▶ WORK INSTRUCTION
Copy the data exactly, pictures aside.

▶ DATA IN THIS EXERCISE

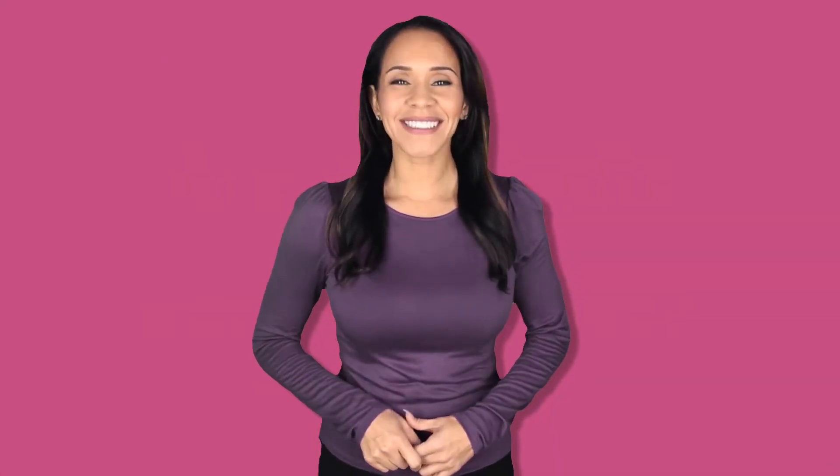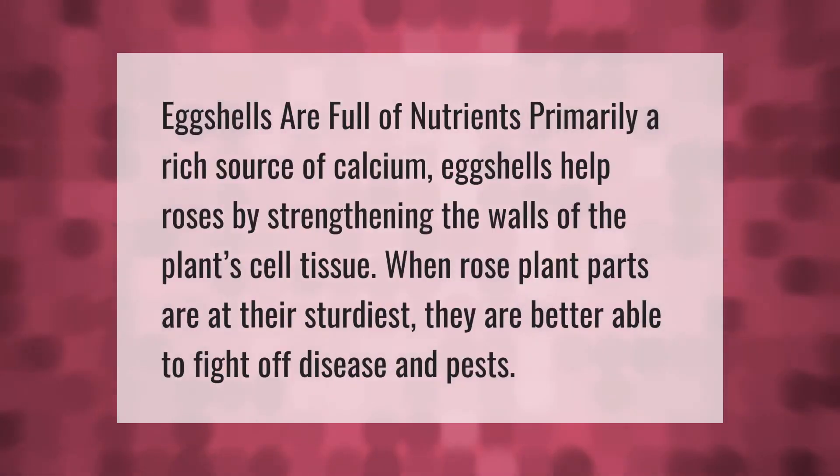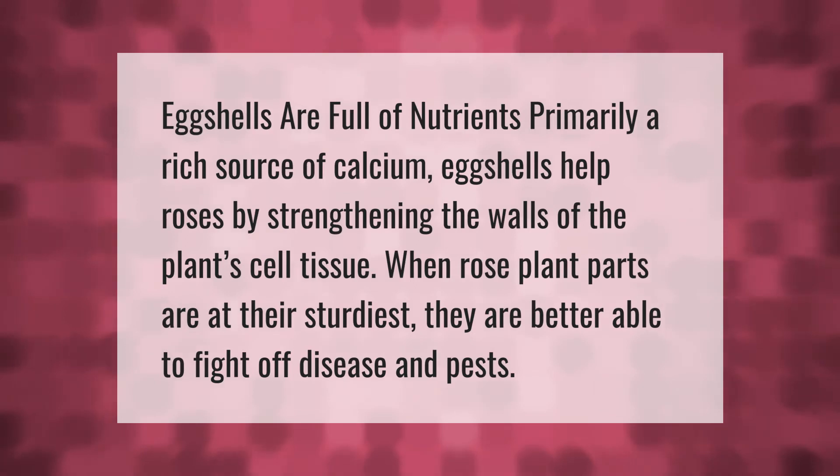Eggshells are full of nutrients, primarily a rich source of calcium. Eggshells help roses by strengthening the walls of the plant's cell tissue. When rose plant parts are at their sturdiest, they are better able to fight off disease and pests.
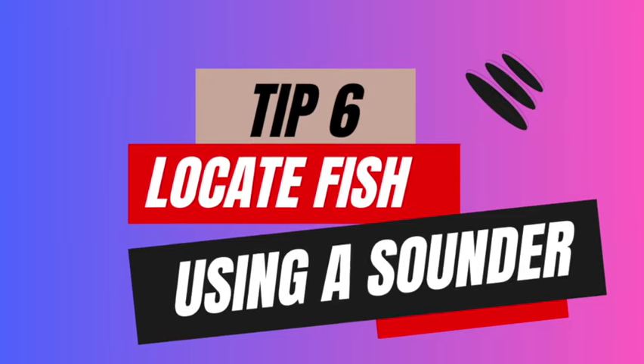Tip number six: locate fish using a sounder. Snapper feed on the move, so they're constantly foraging, which means you've got to constantly look for them. You might have a session where you're catching snapper after snapper, then nothing the next day because they've moved on. Having a sounder is pretty important on a kayak or boat. Remember, snapper feed on crustaceans and shellfish on the bottom, hunt octopus on the bottom, and may hunt squid or baitfish mid column or at the top. They're not always on the bottom — keep that in mind.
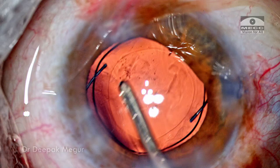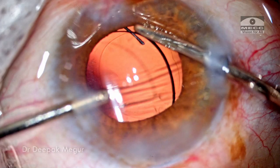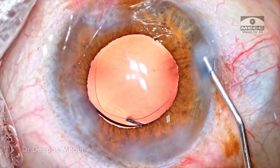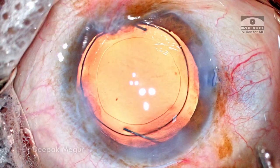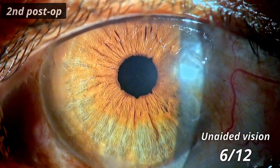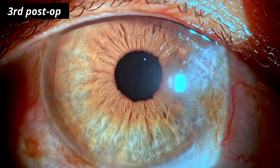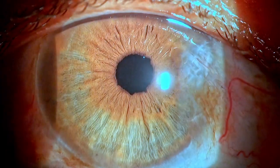Time to remove the OVD — both in front and behind the lens is being irrigated out. The side ports are hydrated. That's it, the case is done. This is the first-day post-op picture. The patient had an uncorrected visual acuity of 6/12 and she was delighted. We'll take care of the pterygium at a later date if it progresses; otherwise we're just going to leave it as is.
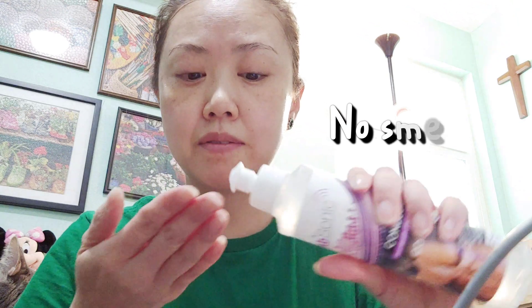Does this Absonic Gel have a smell? No, it doesn't have any smell.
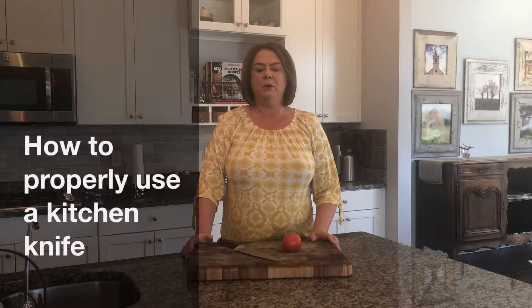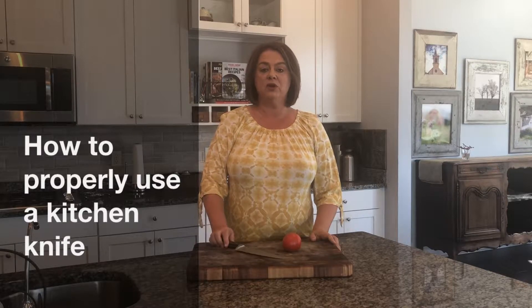Hello, my name is Lori Yarbrough and I'd like to welcome you to Homemaker Dynasty. Today we're going to talk about using a sharp kitchen knife to chop and cut things up. I like this one especially because I can use it to rock back and forth if I'm chopping things on the board, like an onion, herbs, or garlic. But today for the demonstration we're going to use a tomato.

▶ RESULT OF THIS EXERCISE
Eggshells are full of nutrients, primarily a rich source of calcium. Eggshells help roses by strengthening the walls of the plant's cell tissue. When rose plant parts are at their sturdiest, they are better able to fight off disease and pests.
Tip number six: locate fish using a sounder. Snapper feed on the move, so they're constantly foraging, which means you've got to constantly look for them. You might have a session where you're catching snapper after snapper, then nothing the next day because they've moved on. Having a sounder is pretty important on a kayak or boat. Remember, snapper feed on crustaceans and shellfish on the bottom, hunt octopus on the bottom, and may hunt squid or baitfish mid column or at the top. They're not always on the bottom — keep that in mind.
Time to remove the OVD — both in front and behind the lens is being irrigated out. The side ports are hydrated. That's it, the case is done. This is the first-day post-op picture. The patient had an uncorrected visual acuity of 6/12 and she was delighted. We'll take care of the pterygium at a later date if it progresses; otherwise we're just going to leave it as is.
Does this Absonic Gel have a smell? No, it doesn't have any smell.
Hello, my name is Lori Yarbrough and I'd like to welcome you to Homemaker Dynasty. Today we're going to talk about using a sharp kitchen knife to chop and cut things up. I like this one especially because I can use it to rock back and forth if I'm chopping things on the board, like an onion, herbs, or garlic. But today for the demonstration we're going to use a tomato.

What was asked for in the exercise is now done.